Whether you’re a first-time buyer or an experienced investor well up the property ladder, buying a “fixer-upper” may be a tempting prospect.

However, it’s worth considering that a house renovation mortgage isn’t the same as an ordinary mortgage, and there are other factors to consider before you sign up for one. There’s a lot of pros and cons to renovation, from cost to workload, to the potential gains.

You may pay less for a house renovation mortgage, but you need to think it through carefully when the risks are potentially higher and could result in extra costs.

Here, we’ll look at what you need to do to get a renovation mortgage, how they compare to a standard mortgage, and the potential problems that can happen when “flipping a home”.


How to get a mortgage on a "fixer upper"

House renovation mortgages are different to a normal mortgage. The main difference is that you’ll borrow both the money for the property and the cash to perform the renovations.

How easy it is to find a mortgage will be largely dependent on the condition of the property you may want to renovate. There are some checks you might want to perform on the building before you decide to get to work. 

The majority of high-street banks and mortgage lenders won't offer mortgages if:

  • The property is derelict, due to neglect, for example
  • The building is uninhabitable, such as having no functioning bathroom or kitchen
  • A conversion is needed

Be prepared for lenders to run more checks than with a standard mortgage – they want to feel assured the work required isn’t risky for them.

Extra considerations with a renovation mortgage

If the building is habitable but needs work, a lender may not lend the full amount. They may withhold some funds, known as retention, until essential repairs are completed. The property may need to be re-assessed before the remainder of the funds are released.

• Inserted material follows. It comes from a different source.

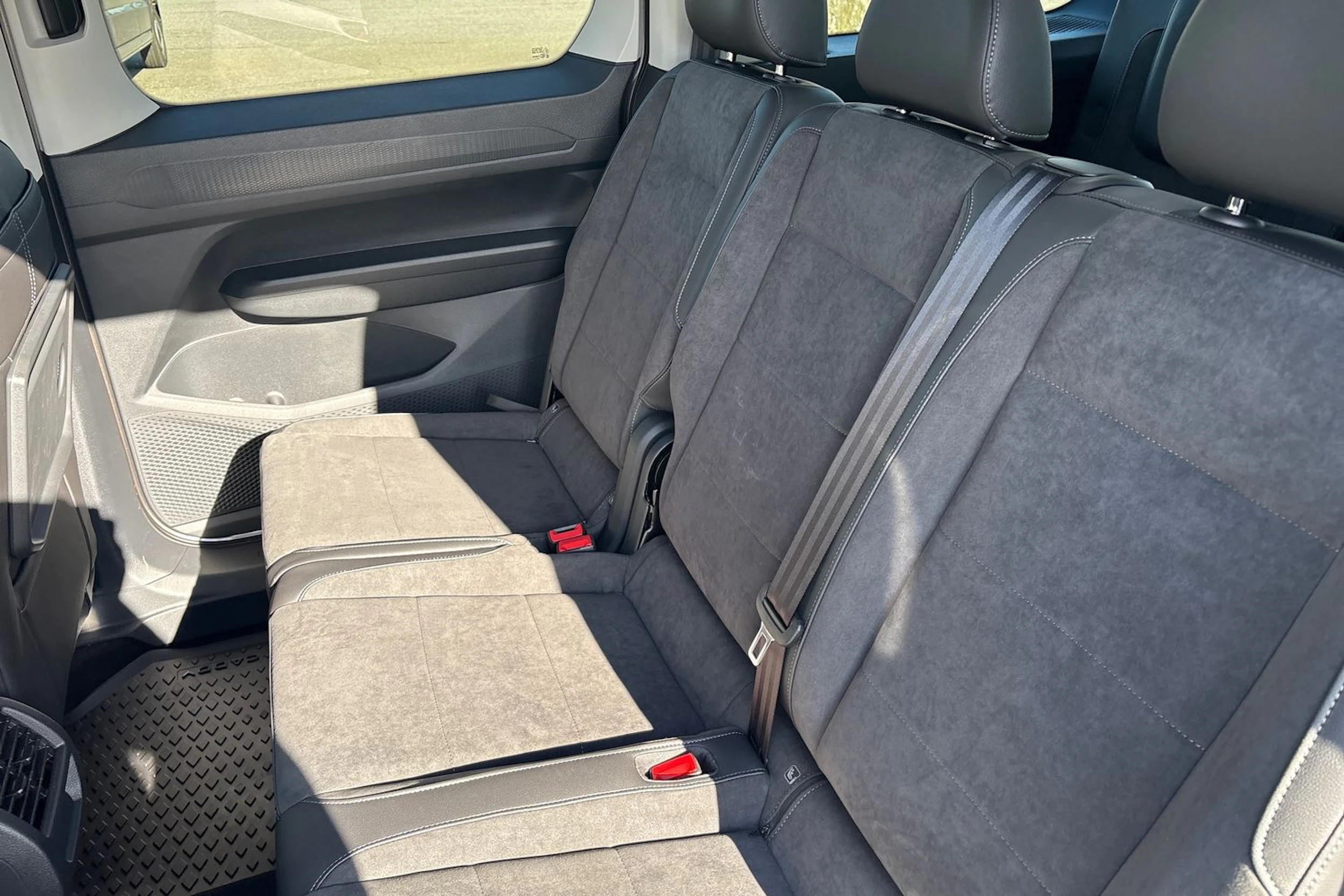 ruskea (beige) Volkswagen Caddy Maxi 2026 kuva 11.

There are a lot of potential risks and complications with a renovation mortgage, not to mention the costs involved. It pays to have a contingency in place. As a renovation project can throw up many unforeseen challenges, the more money you have on standby, the better.

What else to consider when buying a renovation property

Unexpected costs

From the outset, it’s important to set yourself a realistic budget. People often end up spending twice as much as they bargained for. We suggest you tack on at least an extra 20% for those unforeseen issues that will inevitably spring up.

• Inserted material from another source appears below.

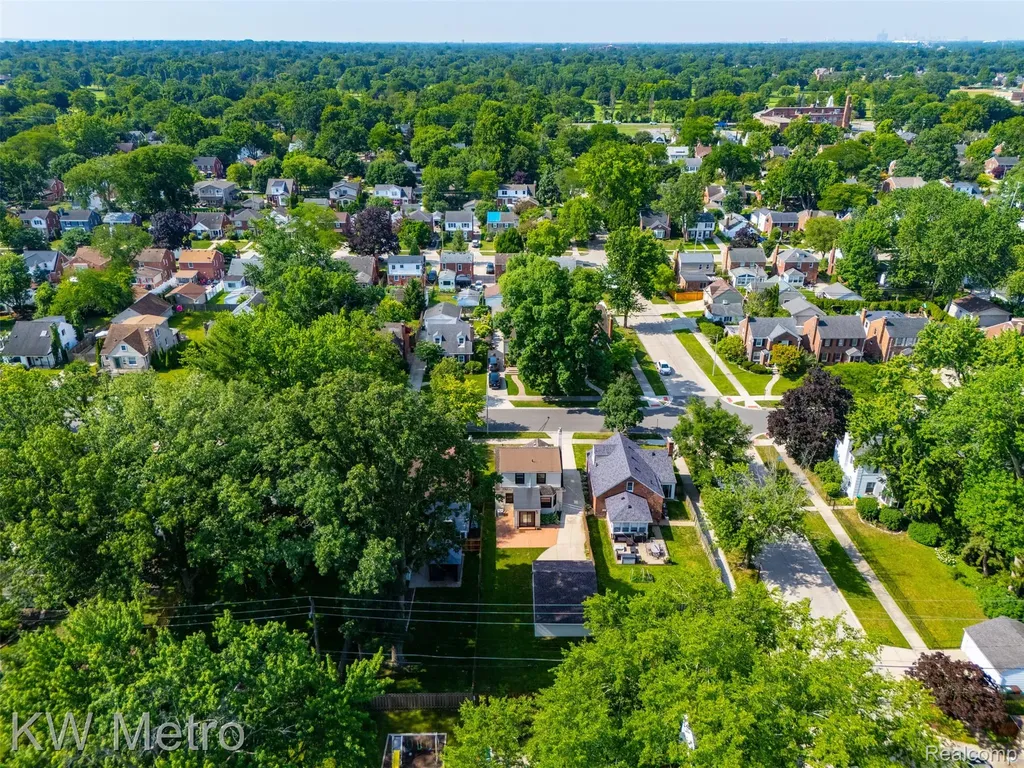 1458 Hampton Road Grosse Pointe Woods City MI 48236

Although a property that needs doing up will be cheaper to buy initially, consider whether you have enough funds to cover major improvements. You may just want to put in a new kitchen and bathroom, but once you start ripping out the old fixtures and fittings you can find anything from rotten floor joists to damaged brickwork.

Planning permission

Check how easy it will be to get planning permission for the house. If you want to make extensive changes or you’re thinking of buying a listed building, you’ll need consent from your local authority. Once your application has been submitted, it could take up to 12 weeks for the council to make a decision. This allows for neighbours to have their say.

These days, most smaller renovation projects don’t need planning approval, so there are plenty of properties you can do up under permitted development if you want to get cracking straight away. You can find out more on the Government’s planning portal website.

Project management

You can either manage your own project or employ a project manager. The benefit of hiring someone is that they will liaise with builders to ensure the work is carried out to a specification, and their experience avoids unnecessary costs and saves you from having to be on site all the time. But the downside is that you will have to pay for their expertise.

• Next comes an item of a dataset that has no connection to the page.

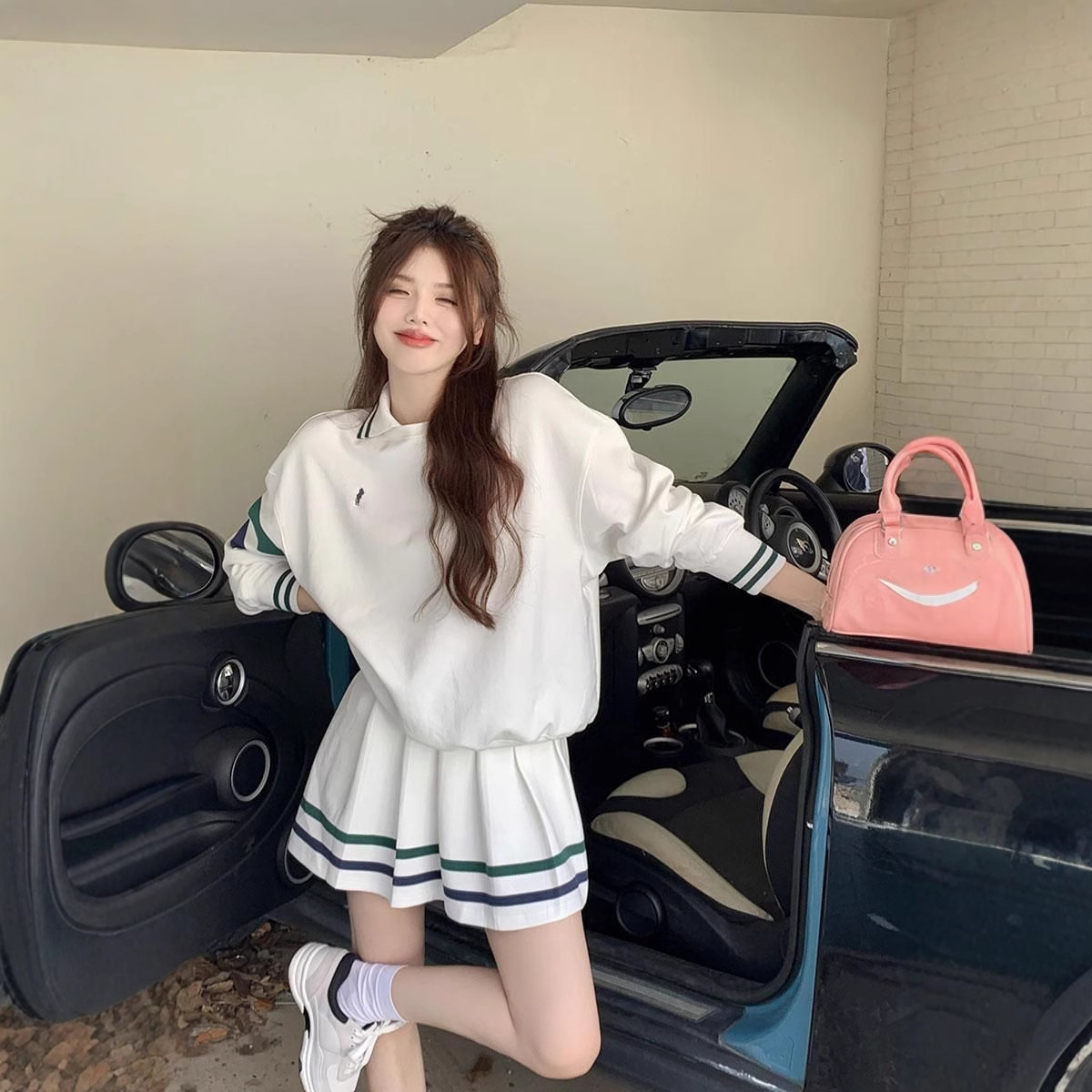 Striped Sport Polo Collar Sweatshirt Women's Early Spring American Style Retro Long Sleeve Coat White Spice Girl Loose Short Top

If you’d rather manage the project yourself, make sure you get quotes in advance so you can calculate your expenditure. And be prepared to live on a building site.

Your own skills

Think carefully about how much of the work you could take on yourselves. You may be an enthusiastic DIY-er, but could you plumb in a loo, fit a kitchen or tile a bathroom? If the honest answer’s no, you’re much better accepting this at the beginning and getting the professionals in from day 1 rather than having a bash yourself.

Even if your practical skills are negligible, there are some things you can do to keep costs down, from stripping wallpaper to tidying up.

Hidden issues with older houses

With an older property, you should be prepared for more unexpected costs, which all add to your expenses.

Make sure the property you buy is worth having the money spent on it. It could be so run down that it will cost a lot more than expected to repair. Using the wrong renovation techniques in old buildings can cause extensive damage, while subsidence issues could make it harder for you to get buildings insurance.

Electrics in old buildings will often require updating. Have you considered that the cost of rewiring a typical three-bedroom house could run into several thousands of pounds?


Renovating a property can be a lengthy – and stressful – process. Before you know it, 5 years have elapsed and you’re still living on a building site. Try and work out a realistic timeframe before you commit, seeking advice from tradesmen and leaving yourself some wiggle room for any unexpected jobs. Build in a week off or two as well, renovation can be stressful and you’ll deserve the odd break.

Remember to also factor in other demands on your time. If you have a busy job or small children (or both!) and plan to do much of the work yourself, you’ll probably need a more generous timeline.